Et ensuite, des frappes de drone américaines ont tué l’ancien membre de la garde d’Al-Qaïda, Nasser al-Wuhayshi, au Yémen, et soudain les médias de masse se sont aussi mis à douter du bien-fondé de cette stratégie.
– Christian Science Monitor - Les forces de l’air américaines nous débarrassent d’une série de dirigeants d’Al-Qaïda. Une tactique efficace ?
– Washington Post - Pourquoi les frappes visant à « décapiter » al-Qaeada ont-elles tué des dirigeants terroristes mais pas le mouvement ?
– McClatchy - La mort du chef d’Al-Qaïda relance le débat : Les assassinats ciblés font-ils une différence ?
– Guardian – La mort du leader d’al-Qaida masque la réalité de frappes de drones : Elles n’apportent pas la stabilité.
– New York Times – L’objectif que recherche les Etats-Unis en tuant des terroristes est hors d’atteinte.
– Telegraph - Un drone américain a tué le commandant en second d’Al-Qaïda - mais comme pour l’hydre, couper une tête après l’autre ne fait que renforcer le corps.
On assiste à une prise de conscience admirablement synchronisée du problème.

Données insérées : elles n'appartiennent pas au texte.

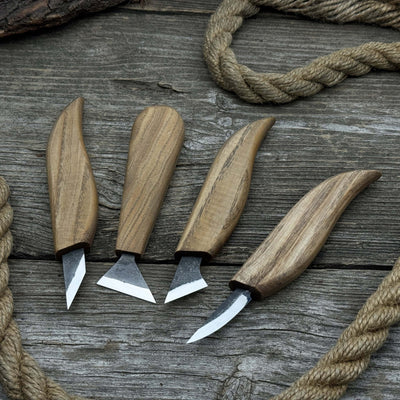 4-piece hand-forged wood carving knife set with ash wood handles and high-carbon steel blades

Les Etats-Unis « réussissent » peut-être à tuer tel ou tel dirigeant d’un gang terroriste donné, mais l’ensemble du phénomène ne cesse de croître et d’embellir. C’est le sous-titre du Telegraph qui résume mieux la situation :
« L’Amérique s’est attaquée à un ennemi fort de 5000 hommes. Elle en a tué 10 000. Il n’en reste plus que 20.000 ».
Sauf que Al-Qaïda à ses débuts ne comptait que quelques centaines d’hommes cantonnés à l’Afghanistan et au Pakistan. Une quinzaine d’années plus tard, après que la guerre des États-Unis contre le terrorisme ait fait des centaines de milliers de morts chez des civils sans aucun lien avec al-Qaeda, et des milliers de morts chez les jihadistes, Al-Qaïda et ses rejetons sévissent dans plus d’une douzaine de pays et ont fait des dizaines de milliers d’adeptes. Comme je l’ai écrit :
Le recours systématique des Etasuniens aux moyens militaires montre que, pour eux, la résolution politique des conflits n’est pas une option.
Pourtant, aucun des articles mentionnés ci-dessous ne propose la moindre solution au problème.
Alors voilà mes suggestions :
– Arrêter les frappes de drones et apparentés, puisqu’il est évident qu’elles fabriquent toujours plus de terroristes.
– Arrêter d’utiliser des extrémistes, comme les djihadistes et les néo-nazis, comme outil politique pour lutter contre tel ou tel dirigeant gênant.
– Restreindre les ressources dont ces groupes ont besoin pour grandir. Cela nécessitera de faire pression sur les dictateurs saoudiens et qataris, en allant peut-être jusqu’à menacer l’existence de leurs régimes, pour qu’ils cessent de financer la diffusion de leur version radicale de l’islam et qu’ils interdisent le financement « privé » de ces groupes par des ressortissants de leurs pays.
Il est peu probable pour l’instant que de telles mesures soient prises. Mais il a fallu des années pour que les médias s’aperçoivent que les frappes de drones ne servaient à rien. Dans quelques années, les premiers pas vers la solution du problème leur apparaîtront peut-être dans toute leur évidence.
Hélas, d’ici là, la guerre contre le terrorisme aura fait beaucoup d’autres victimes.